Last week our Molly daughter, Lolly, said she’d heard a Church speaker wish the concentration of Mormons along the Wasatch Front and in and around Mesa, AZ could be split up to “leaven” the rest of the country. Interesting idea—and I immediately saw the benefits to the Mormons involved. Isolation from other cultures, which is how most Mormons in concentrated areas live, leads to stagnation. History shows that nations that come into contact with other cultures through conquest or trade make great leaps forward in their own culture. Ideas, like hybrid plants, benefit from cross-fertilization.
But the hubris of the notion that the rest of the country needs the “leavening” of Mormons troubles me.
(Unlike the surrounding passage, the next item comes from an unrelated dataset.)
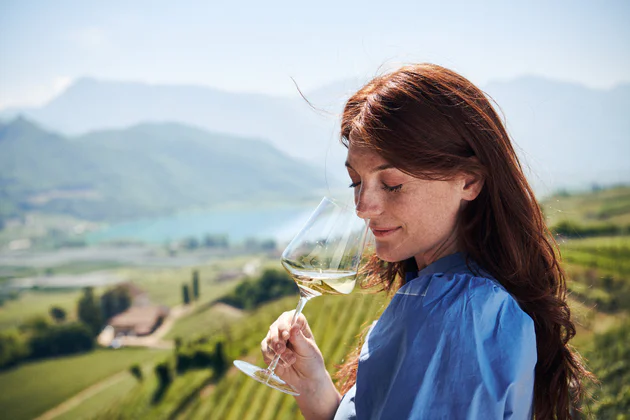Eine Frau genießt ein Glas Weißwein mit Blick auf den Kalterer See und die umliegenden Weinberge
How will spreading more Mormons around solve the ills our nation currently faces? Problems like political polarization, unemployment, poverty, violence, drugs, immigration, and education declines.
Certainly, if Utah had solved all these problems, we might have hope that spreading Mormons around would benefit the whole country. As things now stand, I’m not sure that exporting more right-wing Republicans from Utah would solve the country’s political polarization. The Church employs a lot of people in Utah, but isn’t large enough to extend that employment benefit to other states. Likewise, the Church welfare system isn’t large enough even to help all Mormon Utahns in need of food and shelter—and certainly not with health care. Utah divorce rates are about the same as those of other states. Plenty of Mormon single moms and their kids live in poverty. Violence and drug abuse are high in Utah—even among active Church members. The Church has taken a humane position on illegal immigration—but a sizeable number of active members oppose the Church position—and the state legislature passed a harsh immigration bill this year. Education attainments in Utah schools are now challenged by budget cuts and the ongoing call for privatization by legislators with financial stakes in the issue.
Possibly Utah and Mesa Mormons are the ones needing the leavening effect of exposure to people of other faiths.